Though I grew up around the church as a “low-church evangelical,” I am not churchy and in fact surprisingly unpracticed at the actions of the liturgy. Twice during Communion Bishop Hobby had to whisper my name to direct me to the right place. I was so moved by the music that the second time I mistook his motioning for an invitation to hug! He obliged and then put me in the spot I needed to be. (I remembered my eighth grade boyfriend who laughed in disbelief because I didn’t know what the word “Eucharist” meant. I had only heard of Holy Communion or “the Lord’s Supper.” Thankfully, patient teachers continue to surround me and the people God calls me to serve either don’t know or don’t care.)

I am unpracticed at dressing like a minister. I’m more comfortable with a paintbrush and a good pair of heels telling people about Jesus and art and the Twelve Steps in a tattoo shop or taking my kids to the library for story-time. As I got dressed with the clergy I asked a kind looking clergy person for help.
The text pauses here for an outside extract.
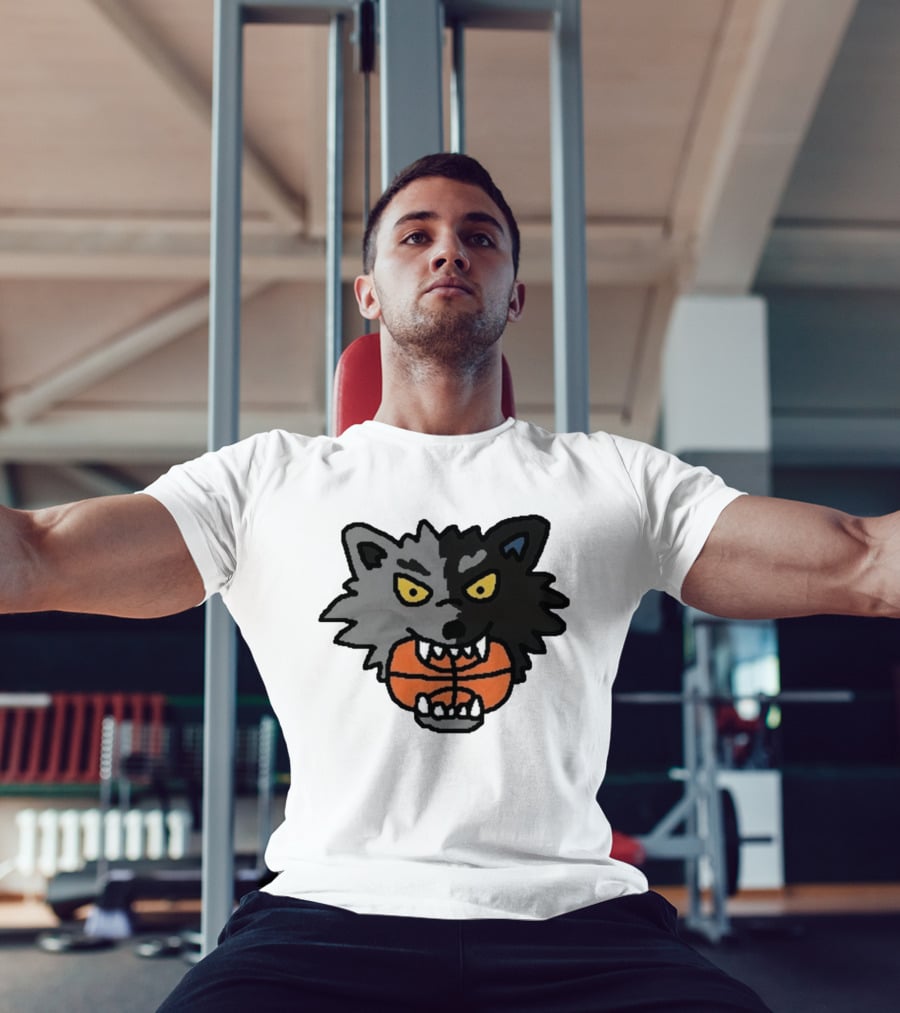 Timberwolves New Profile Pic Two Tone Wolf With Basketball T-Shirt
I didn’t know how to tie my rope. It turned out to be Janet Echols who has been ordained for some time and whose husband later joined her in the priesthood. She knew how. (Interestingly, Bishop Hobby’s wife, Shari, is also an ordained minister.)
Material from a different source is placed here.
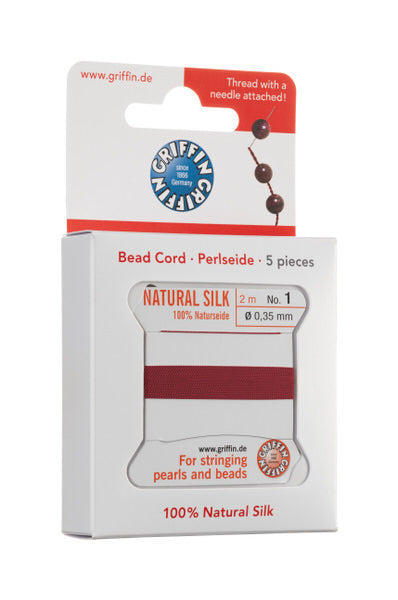 Griffin™ Bead Cord Nº 12 – 0.98 mm | Pack of 5 | Natural Silk, NylonPower | Multiple Colors | With Needle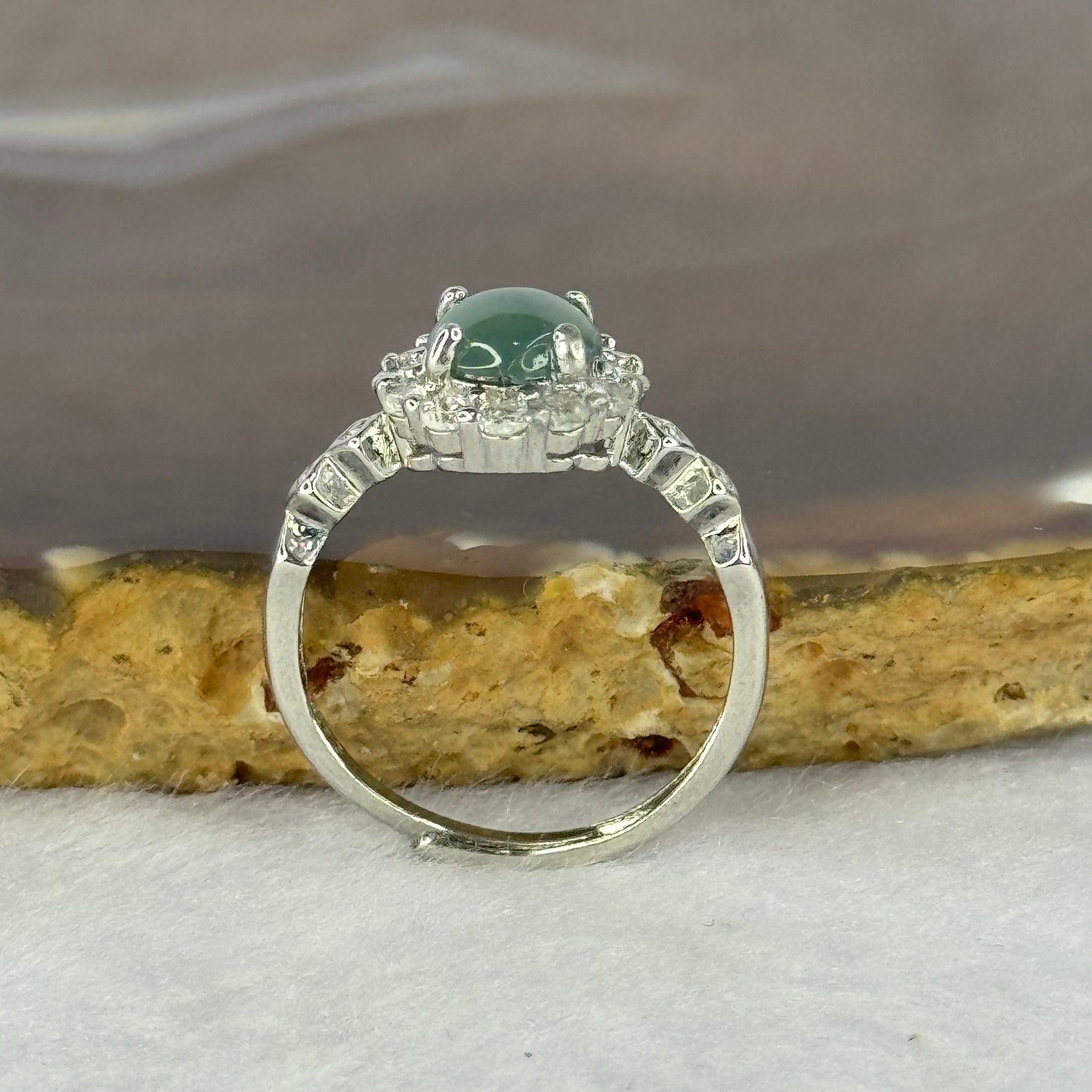 Type A Icy Blueish Green Jadeite with Crystals in S925 Sliver Ring (Adjustable Size) 1.77g 6.9 by 3.0mm - Huangs Jadeite and Jewelry Pte Ltd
At times I had resisted getting ordained because my husband was also pursuing it. I didn’t want it to be weird. “It” being our ministry. And you don’t need to be ordained to do ministry! I kept saying. There have been rules against such relationships in the past and I had heard horror stories of competition or control. However, in the missionary world husband and wife teams are the norm, not to mention secular vocations, too. And for some, it is God’s call. It is for us.)

The music meant a lot to me. My husband, Sean, had formerly led the worship team at South Side Anglican which had bloomed with new songs of praise and sounds in guitar, violin and drum in the concrete of the South Side. Two of those band members travelled down to play at the ordination. Two more from Holy Cross joined them. The music ministered to me as much as the rest of the service, especially the doxology. It has always been my favorite part.
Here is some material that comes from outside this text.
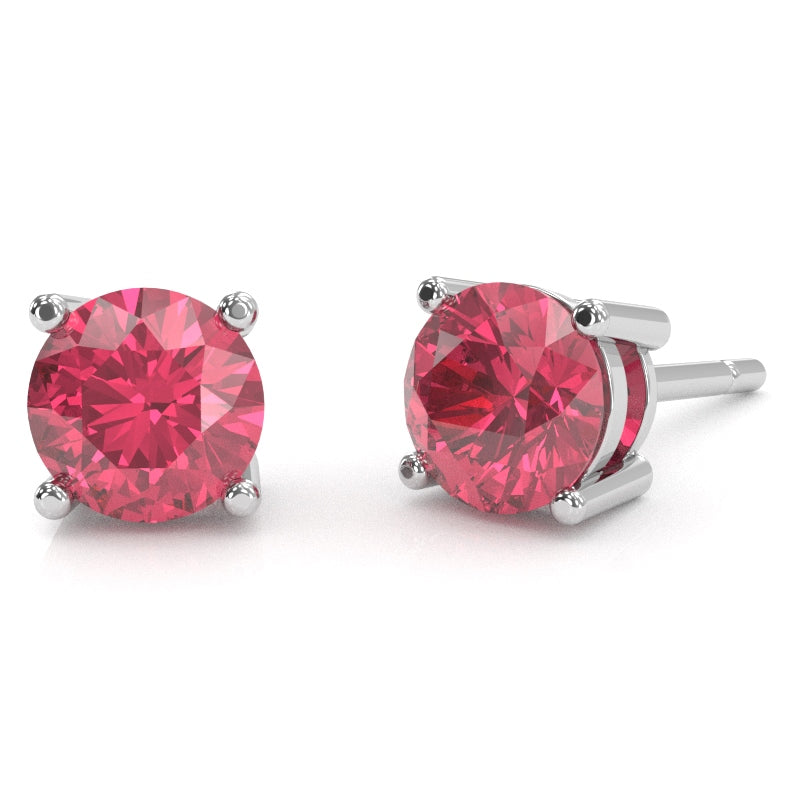 Pink Tourmaline 5mm Round Stud Earrings in 10k White Gold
The Holy Spirit joystick smacked me in the face as I sat down to listen to the sermon. My father stood up from the chair next to me in order to preach the sermon and my husband sat down in it after leading the worship set. I felt loved. Sean and I sat next to each other and listened. A picture of the rest of our lives.

The sermon was the crowd favorite, it seems. I was not willing to share my dad at my wedding. He would walk me down the aisle. He wanted to preach. I wouldn’t let him. He was my dad – and only that – for a day.

At my ordination, I could share. I don’t quite have the words to describe it except it was a moment in time I will treasure for eternity. My father looked right at me during his charge at the end. He promised me there would be desert times; I have known them and will know them again, he said. But the Spirit has led me there, he preached, to prepare me for the next thing. There is nothing more important in the world than to finish well: to share that Jesus is Lord and Savior of all. The fellowship I shared with Dad through his words, that we all shared as the Spirit ministered his Word to us, was a taste of heaven. One day I will miss dad. But that sermon brought me comfort about the glories to come in heaven together; it gave me fire to proclaim Him while I am here.

The highlight of the ordination service for me came during Communion in a surprise. Trevor Spencer whispered to me as I watched him put the collection plate aside, “Your daughter is trying to get your attention.” I glanced up at the congregation. There in the front row was my five-year-old Rhyan bouncing up and down waving at me (Skylar was also looking but with the deadpan as only she can). Rhyan stood next to my older sister. She and Rhyan had the same face. They were beaming. Two very different lives yet the two who most often come to mind when I talk to others about my faith. If it is not honest or genuine about me or about what I know of Jesus then Rhyan or Jen will sniff it out; if it wouldn’t ring true to Rhyan or Skylar or Jen then it’s not worth it. Furthermore I prayed that I would not lose connection with my child in pursuit of this call and the sacrifices and strain on my family. Their faces stole the show. His love never fails. Thank you for letting me share.